* **TASK REQUIREMENTS**:
Your job is to give again, exactly and with no additions, the lines in the records below from the one with "Christmas snow globe" through the one with "ErGear Electric Standing", both included. Omit the pictures.

* **PROVIDED DATA**:
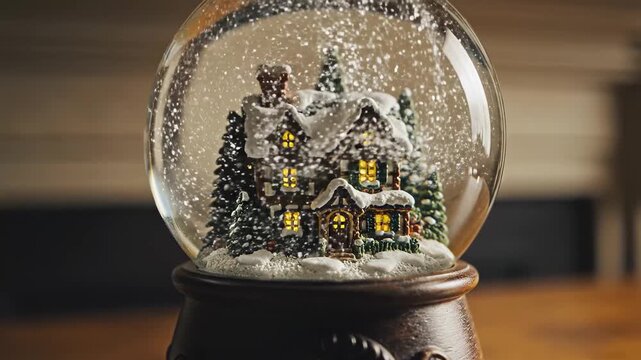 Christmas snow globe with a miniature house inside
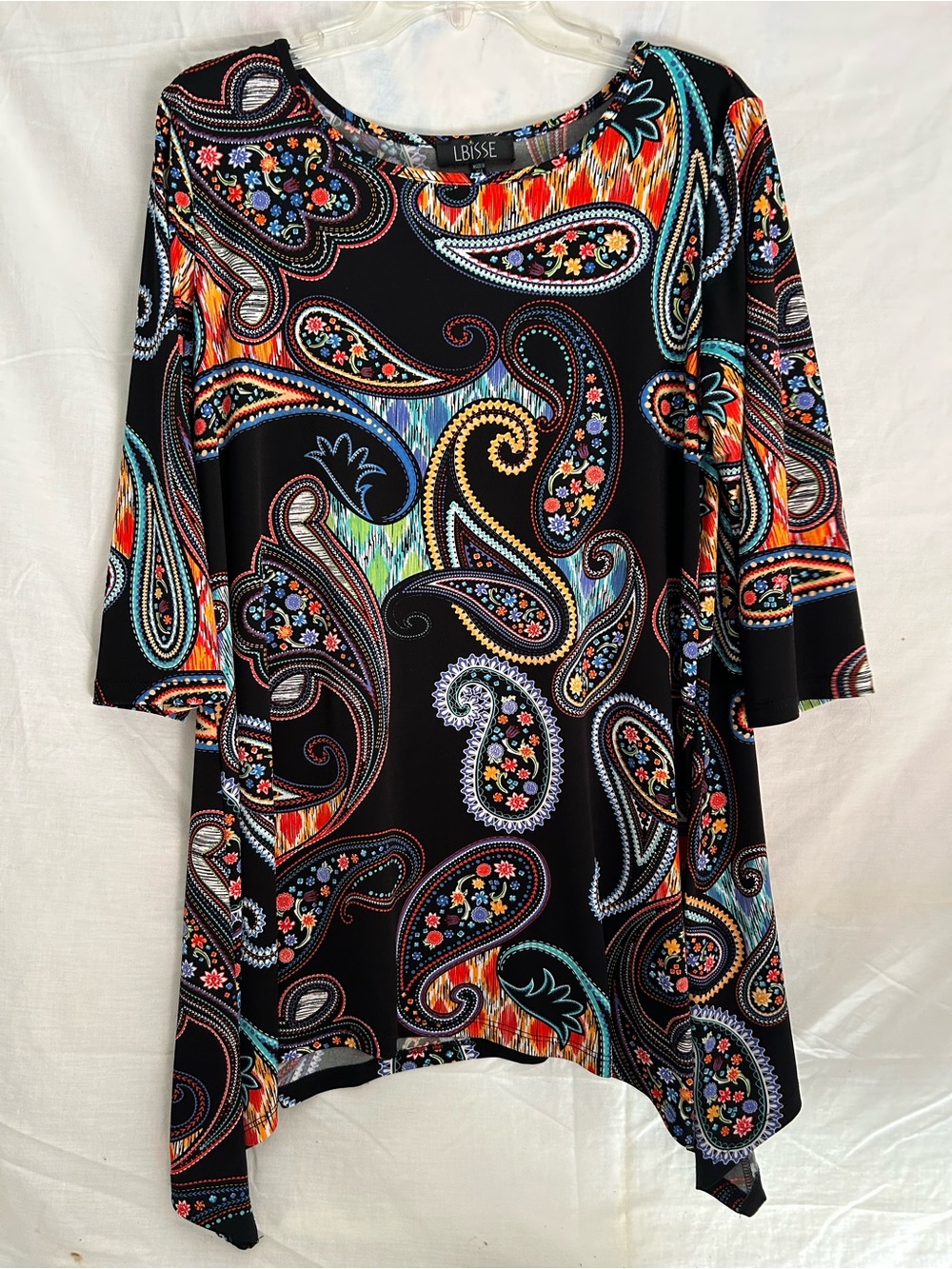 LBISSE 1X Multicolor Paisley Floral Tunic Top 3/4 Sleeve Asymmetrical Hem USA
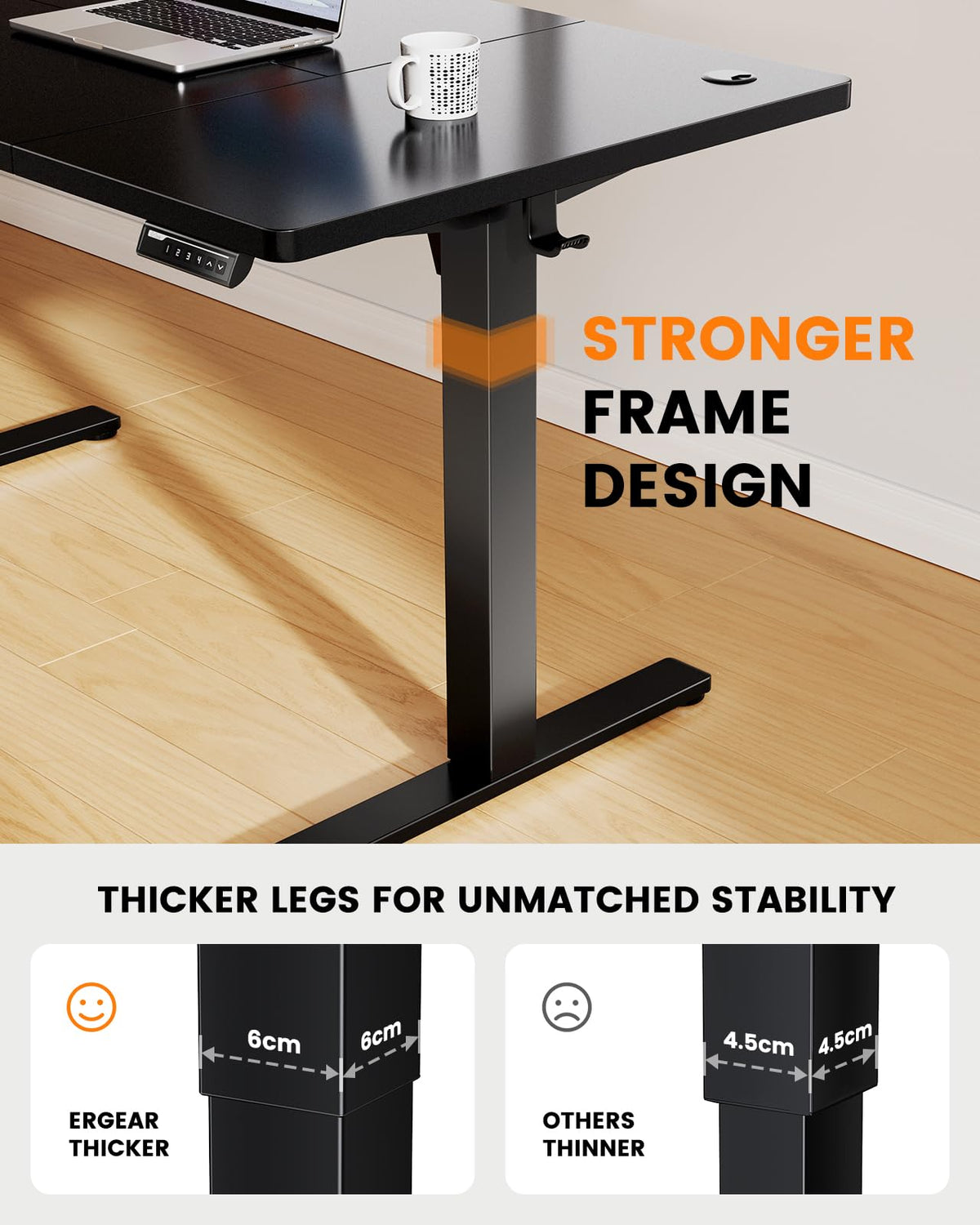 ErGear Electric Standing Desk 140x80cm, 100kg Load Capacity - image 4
* * *
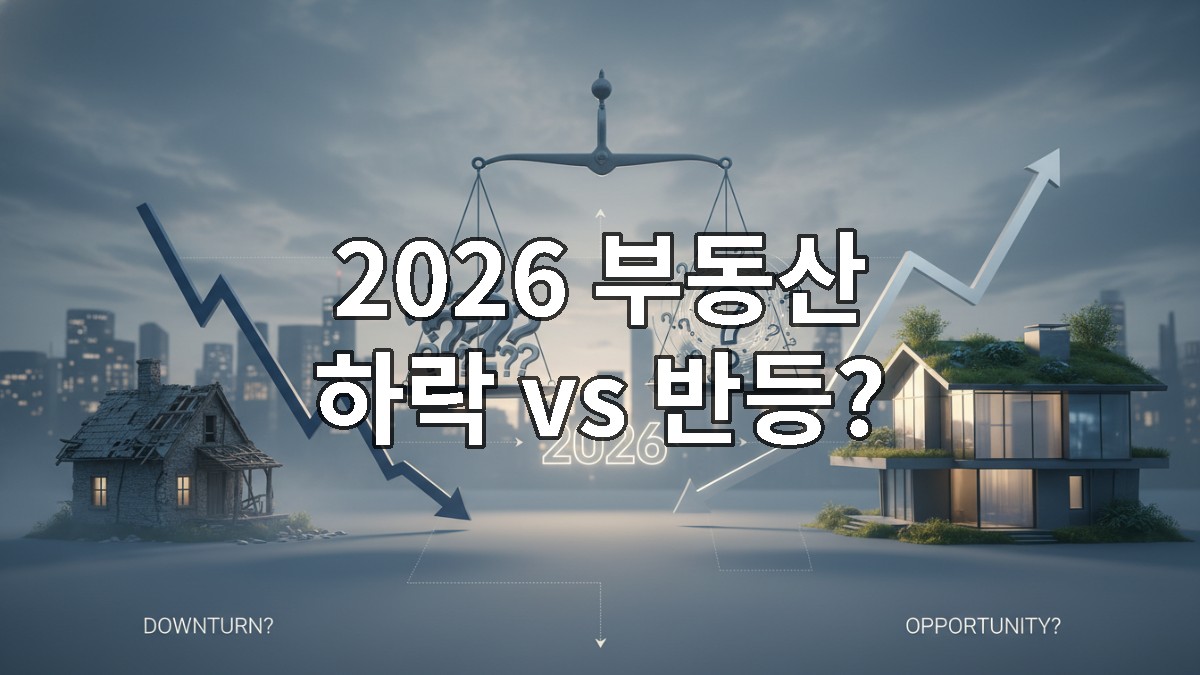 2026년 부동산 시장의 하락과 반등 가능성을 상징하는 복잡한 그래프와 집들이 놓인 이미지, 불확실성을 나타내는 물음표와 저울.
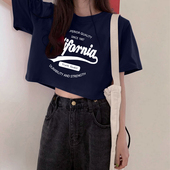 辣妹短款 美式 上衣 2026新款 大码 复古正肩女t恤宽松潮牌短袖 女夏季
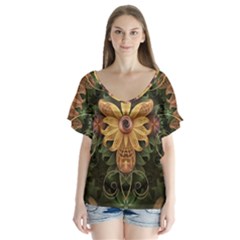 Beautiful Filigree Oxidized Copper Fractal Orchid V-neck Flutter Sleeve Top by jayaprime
--
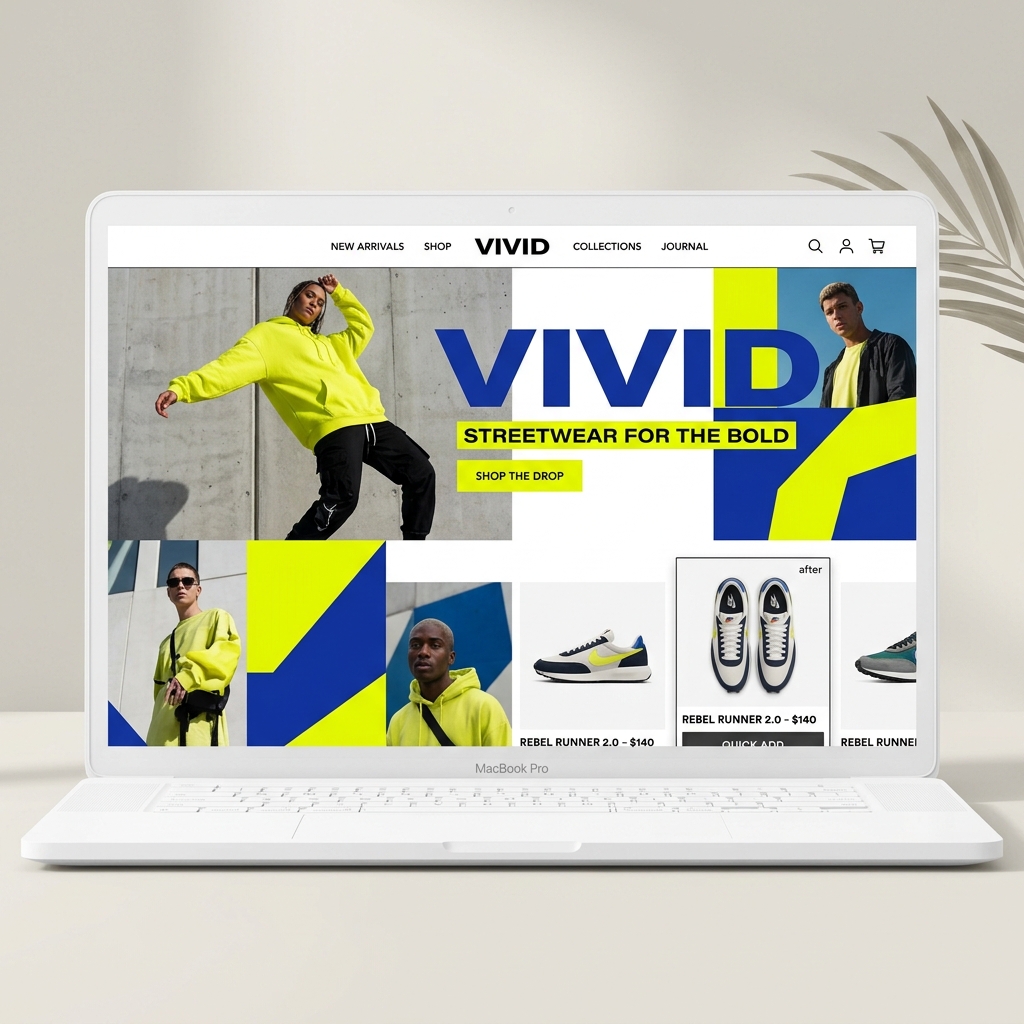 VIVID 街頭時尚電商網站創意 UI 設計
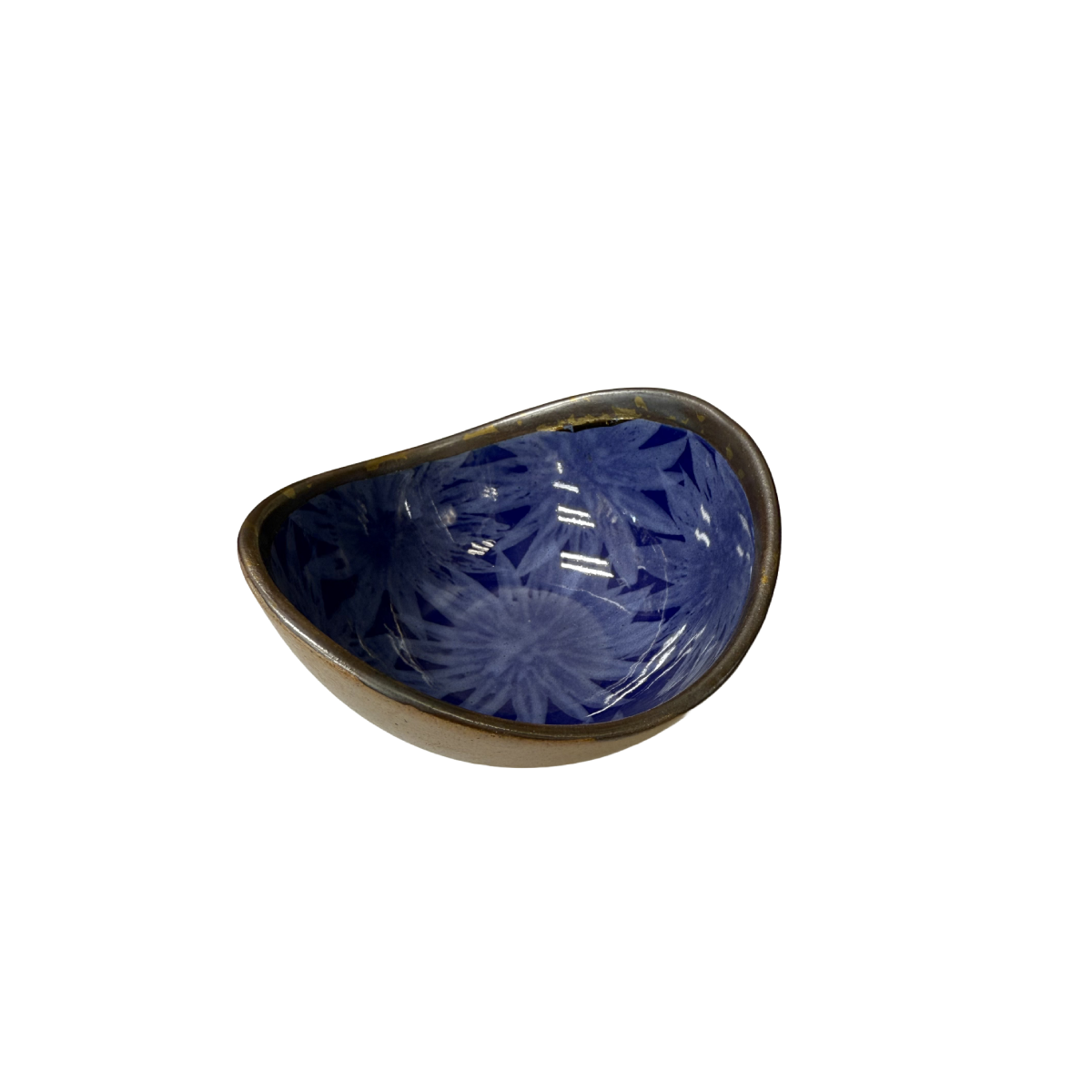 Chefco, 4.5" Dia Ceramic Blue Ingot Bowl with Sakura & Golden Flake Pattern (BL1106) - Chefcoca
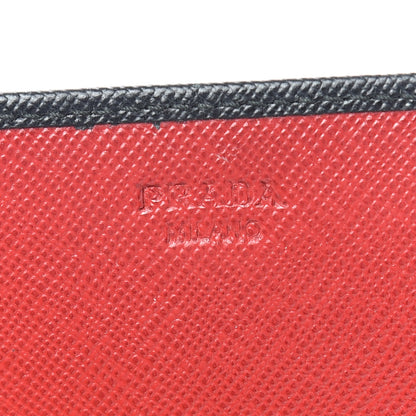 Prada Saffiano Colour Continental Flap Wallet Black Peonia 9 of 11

* **EXERCISE OUTPUT**:
 Christmas snow globe with a miniature house inside
 LBISSE 1X Multicolor Paisley Floral Tunic Top 3/4 Sleeve Asymmetrical Hem USA
 ErGear Electric Standing Desk 140x80cm, 100kg Load Capacity - image 4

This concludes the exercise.